The program can then proceed as before. You should do this two ways:
- at the beginning ask the user (via a prompt) for the number of sales people and then create the new array
-
you should also allow the user
to input this as a program argument (which indicates a new Constructor and hence changes to both Main and Sales). You may want to see some notes. ( example)
- (4 pts) Create javadocs and an object model for the lab
You should organize your code so that it is easily readable and provides appropriate methods for appropriate tasks. Generally, variables
should have local (method) scope if not needed by multiple methods. If many methods need a variable, it should be an Instance Variable so
you do not have to pass it around to methods.

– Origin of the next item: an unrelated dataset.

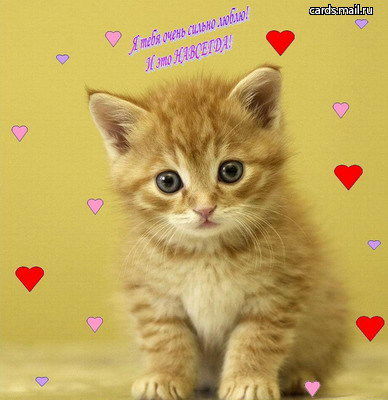 Светлана Шиманович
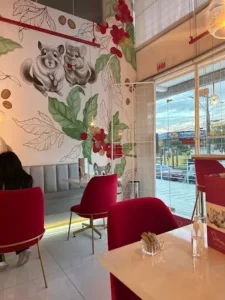 Chinchila Café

You must create the working application and a web page to provide the applications information (i.e., a page with links to the
source code, the javadoc and an object model) to get full credit. You can use the example.html's from the last two labs to help you remember how to do this.
Submission:
- On Campus Go to your Vista page for this course, and to the Assignments link.
Go to the
Lab Assignments: drop box link and then to lab 6 and follow directions for submission.

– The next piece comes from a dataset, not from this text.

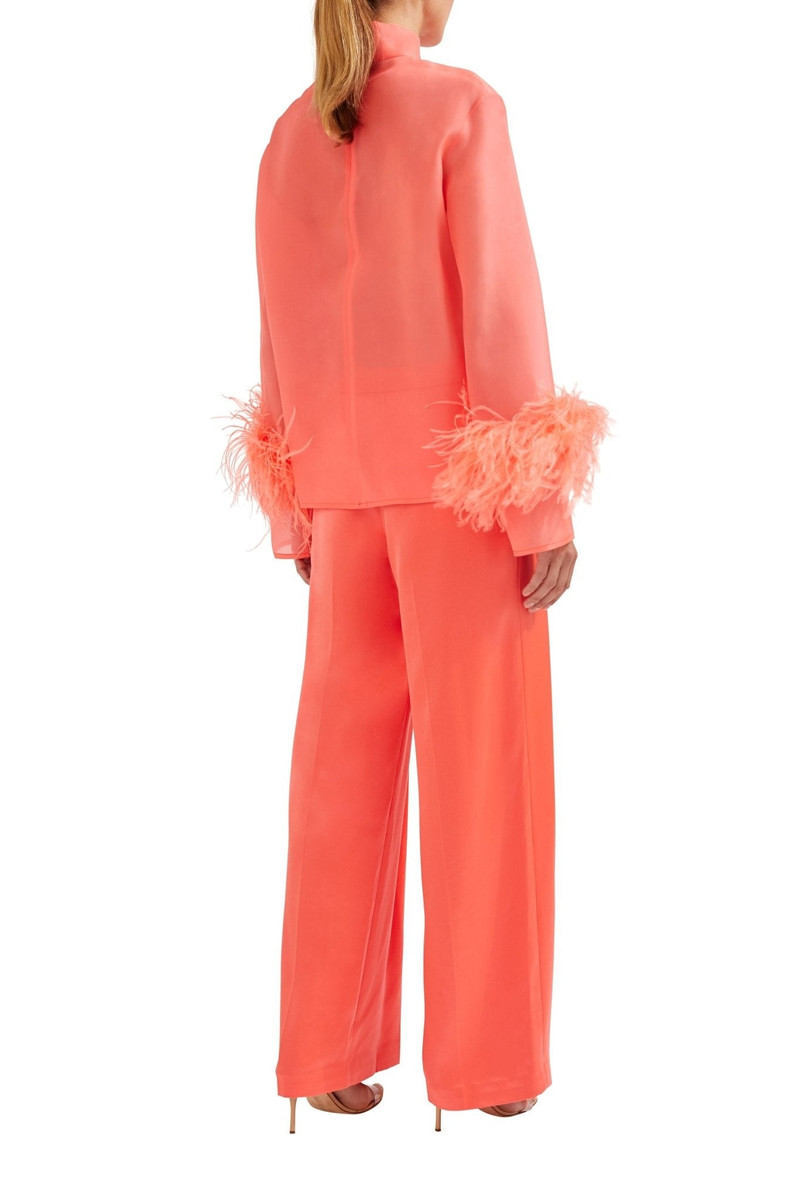 Organza Top With Feathers 4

Obviously you need to provide us the link to your web page, or we will not know
where to find your page for grading. (Some of you have been forgetting to provide the link and hence have no grade for some of your labs.)
- Distance/Web students
Submit your lab by going to http://www.ecst.csuchico.edu/~amk/foo/csci111/turnin/
Web Page Submission Required Contents:
In the URL you submit, you should have a web page that
- provides links to source code,
- a link to
the javadoc created page, and
- link to the Object Model.
Poorly designed (eg. everything in one big multi-purpose method) and poorly documented source code will also lose points.
EXTRA CREDIT: Create a GUI for the program (input and output). You can do this either as an applet or an application.
You must have a working lab following above specs to get extra points. So, do the specified lab before trying the extra.